Calculate and display NLP metrics on large corpora over time.
Python 3.5+, mostly due to type annotations.
This library provides a simple interface to compute various NLP metrics on large corpora. It was originally developed in collaboration with Professor Cathie Jo Martin for her research into historical trends in word use across a large corpus of British and Danish literature.
The functions in this library assume a particular schema for input data. In particular, a corpus is expected to be of the form:
<root_directory>/
<volume1.json>
<volume2.json>
...
...
<volumeN.json>
And each JSON file is expected to be structured as follows:
{
"0": {
'Title': <string>,
'Author': <string>,
'Year Published': <string>,
'Text': <list of string tokens>
}
"1": {
'Title': <string>,
'Author': <string>,
'Year Published': <string>,
'Text': <list of string tokens>
}
...
...
"<n>": {
'Title': <string>,
'Author': <string>,
'Year Published': <string>,
'Text': <list of string tokens>
}
}
Each JSON file is assumed to hold multiple volumes (0, 1, ... <n>) so as to save space when dealing
with large corpora of small volumes (reddit comments, tweets, etc.).

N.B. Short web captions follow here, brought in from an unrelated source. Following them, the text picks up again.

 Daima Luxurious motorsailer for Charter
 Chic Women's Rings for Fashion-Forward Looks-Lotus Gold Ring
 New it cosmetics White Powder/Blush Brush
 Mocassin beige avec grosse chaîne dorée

Several parsing scripts are provided at parsing/ that can be used to build datasets from
several sources. Right now, however, only parsing for the Reddit dataset (at parsing/reddit)
is up to date.
Begin by instantiating a corpus as follows:
MyCorpus = corpus.Corpus(
'MyCorpus',
'<path_to_corpus>'
)
To build a record of word frequencies over the periods 1800-1820 & 1820-1840:
MyFrequency = MyCorpus.frequency(
'MyFrequency',
[1800, 1820, 1840],
['<word1', '<word2>', ... '<wordN>']
)
MyFrequency.take_freq()
The results can be displayed to terminal, or written to a JSON file for later use:
MyFrequency.display()
MyFrequency.write_to_json('<output_path1>')

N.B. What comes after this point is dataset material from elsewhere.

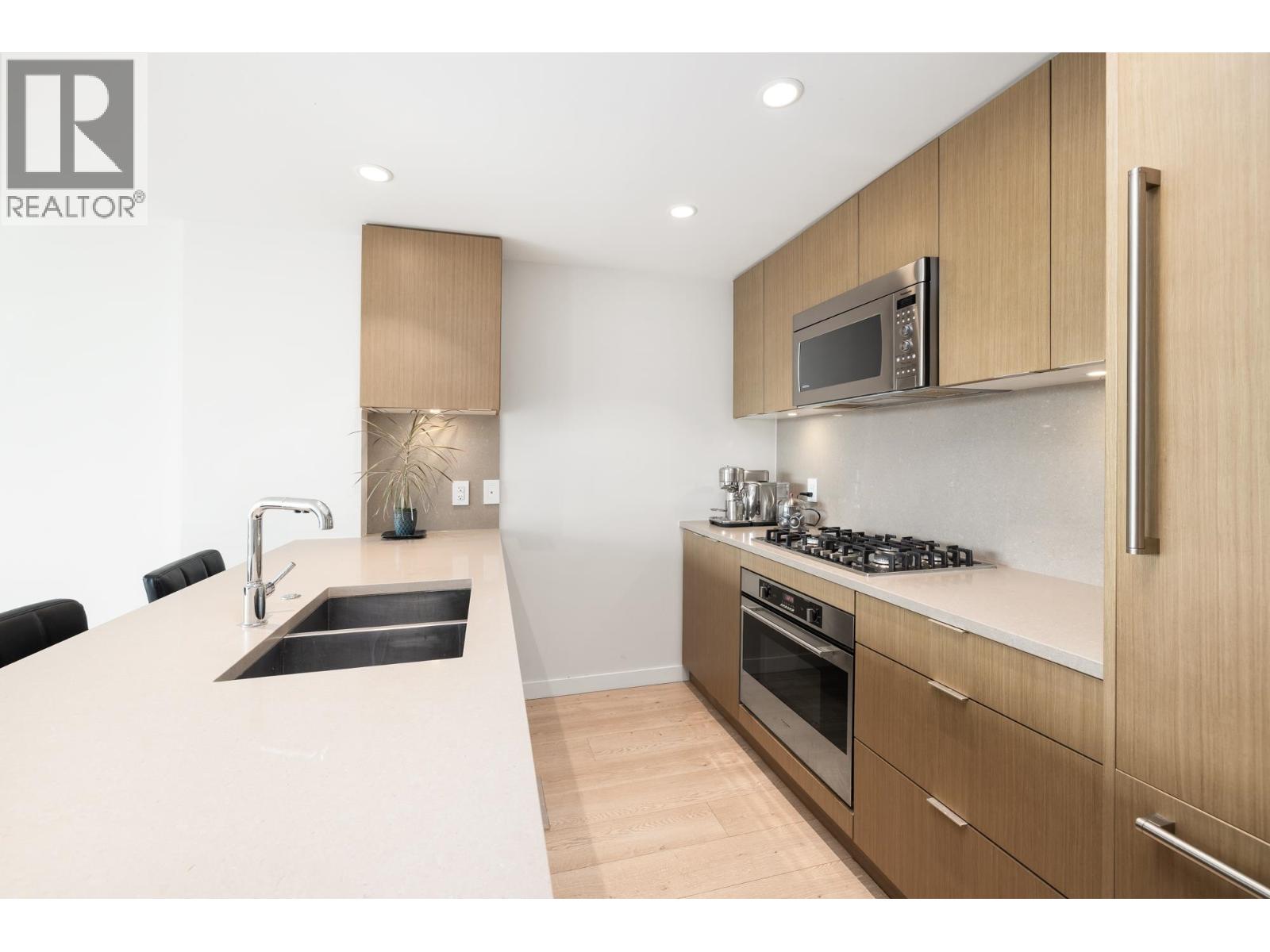 810 125 E 14th Street, North Vancouver, British Columbia  V7L 0E6 - Photo 3 - R3047892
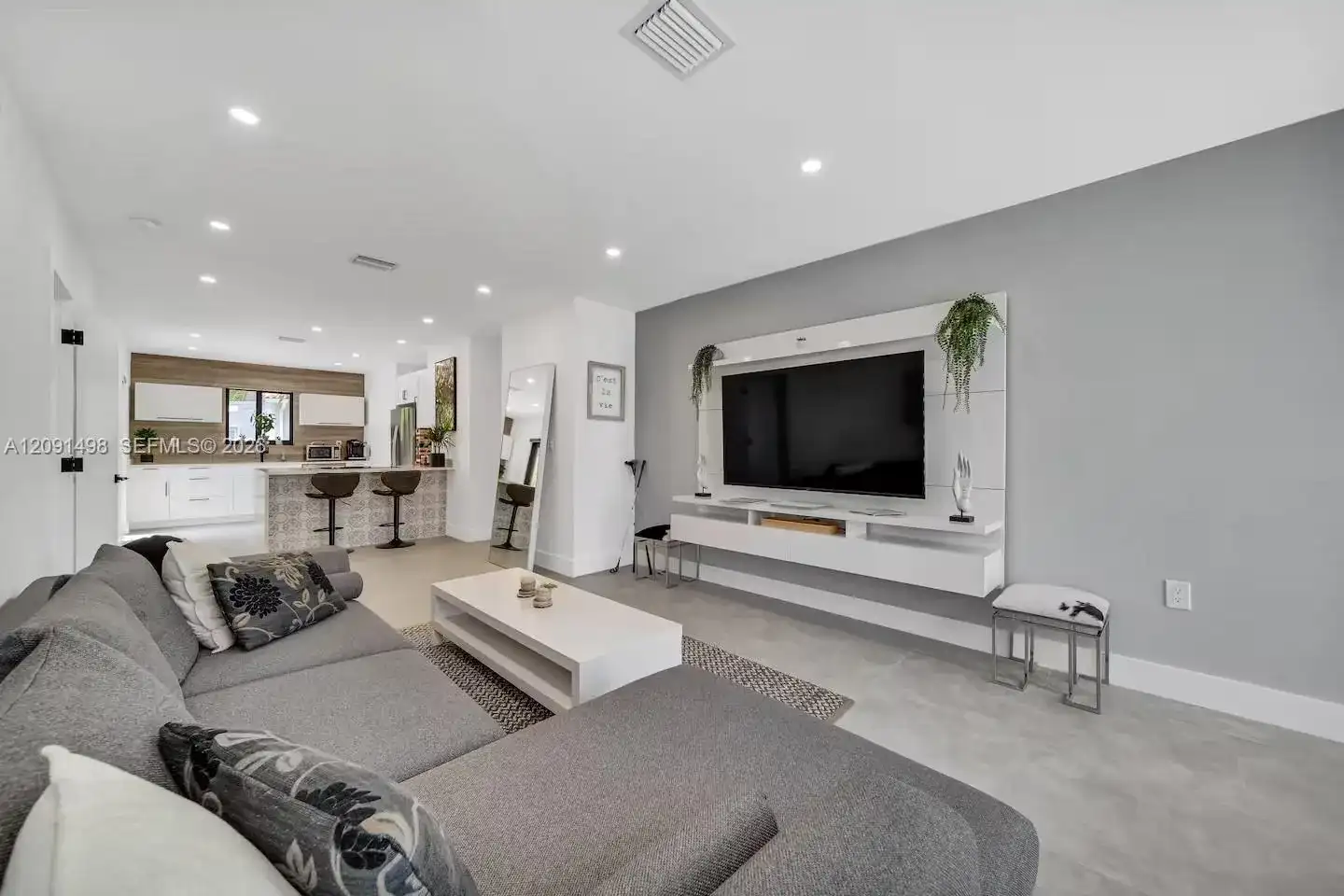315 NW 40th St, Miami FL 33127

When working with a very large corpus, it is useful to amortize the cost of calculating word frequencies by writing the frequency records to file:
MyFrequency.write_freq('<output_path2>,json')

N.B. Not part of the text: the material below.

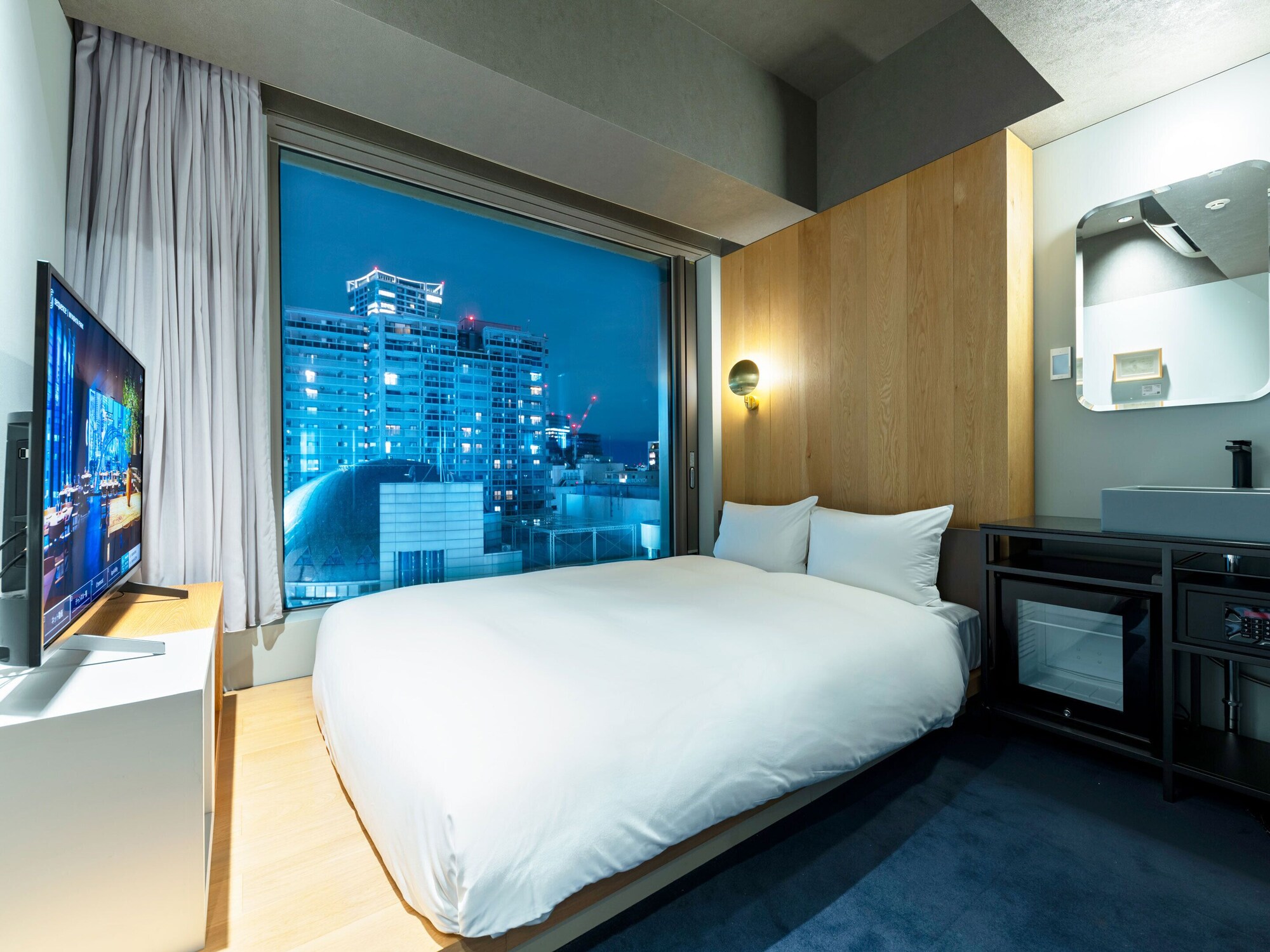 ROOM, DOUBLE BED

Those records can then be loaded in the future and applied to further queries as follows:
MyCorpus = corpus.Corpus(
'MyCorpus',
'<path_to_corpus>'
)
MyFrequency = MyCorpus.frequency(
'MyFrequency',
[1800, 1820, 1840],
['<word1', '<word2>', ... '<wordN>']
)
MyFrequency.frequency_from_file('<path_from_2>.json')
MyFrequency.take_freq()
Frequency results can be graphed:
MyGraph = graph.GraphFrequency([MyFrequency]).create_plot()
MyGraph.show()
Multiple corpora can also be graphed alongside one another:
CorpusTwo = corpus.Corpus(
'CorpTwo',
'<path_to_corpus_two>'
)
FreqTwo = CorpusTwo.frequency(
'freq_two',
[1800, 1820, 1840],
['<new_word1>', '<new_word2>', ... , '<new_wordN>']
)
FreqTwo.take_freq()
MyGraphTwo = graph.GraphFrequency([MyFrequency, FreqTwo]).create_plot()
MyGraphTwo.show()
Output JSON files can also be passed to a graph alongside Frequency objects:
FreqTwo.write_to_json('<output_path>')
MyGraph = graph.GraphFrequency([FreqOne, '<path_from_1>.json']).create_plot().show()
This library also provides TF-IDF scoring, LDA / LSI Topic Modeling, and Difference in Proportions functions that can be applied to corpora in ways similar to the above.